>Remaining Present on Easter

>It’s two days past Easter and, for those of us living in South Jersey, the weather is amazing!  It’s 88 degrees outside! We haven’t felt temps like this since early fall last year.  With the weather being so nice, you might be wondering, why the heck am I not outside enjoying the weather, but I really am enjoying the day.

I’m sitting in my kitchen nook, doing what I do best:  multi-tasking!!  Lol!  The sliding glass door is open; all of the windows are open; and the ceiling fan is circulating an abundance of fresh air throughout the house.  I’m babysitting for a friend.  My son and two other kids ages 7 & 9 just came in from outside and are drained from playing in the heat.  Gee, I never thought that I could even think about mouthing the word “heat” when just a month ago, we were buried in snow. Anyway, all three kids are quietly lying on the sofa watching “Finding Nemo” for the umpteenth time!  And me…. Walla!   I’m trying to get my writing thing on…

Recently, a colleague gave me a copy of Russell Simmons, “Do You!” It’s a great read, a little philosophical, but yet, incredibly thought provoking.

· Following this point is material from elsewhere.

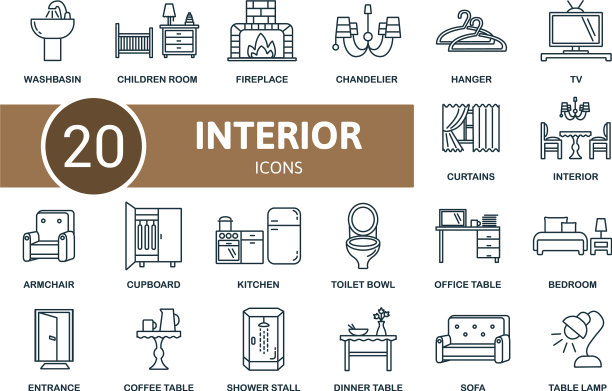 内部图标集包含可编辑的图标图片下载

Quite a few passages have really struck me, one such passage reads:

         “The most powerful step in realizing your potential is simply to be present in the
         world.  That might seem so obvious that it barely bears repeating, but operating
         outside of the present is actually what separates all of us from the happiness we
         desire.”  “Too often we spend our lives drifting between the past and the future,
         instead of rooting ourselves in the moment.  And living like that, you become
         your worst enemy.  You wait for things to happen instead of making them
         happen.  You imagine what happiness is like instead of appreciating the
         happiness that is already present in your life…  You must embrace the present. 
         Never forget that…”
These are some very powerful words that moved me to reflect on my own life.  I should say further reflect, because not a day goes by where I’m not thinking about how I could have done something better or handled a situation differently, or something along those lines.  Anyway, more specifically I started thinking my personal life.  I am definitely happy, but recall moments when I’ve had thoughts such as, “I will be glad when my son is old enough to bath without supervision.” “I can’t wait until the summer arrives,” or some other thought that doesn’t involve the present and involves me “drifting in the future.”

I’ve taken Russell’s (in my mind, we’re friends now) words to heart and, particularly Easter Sunday tried to apply his principal.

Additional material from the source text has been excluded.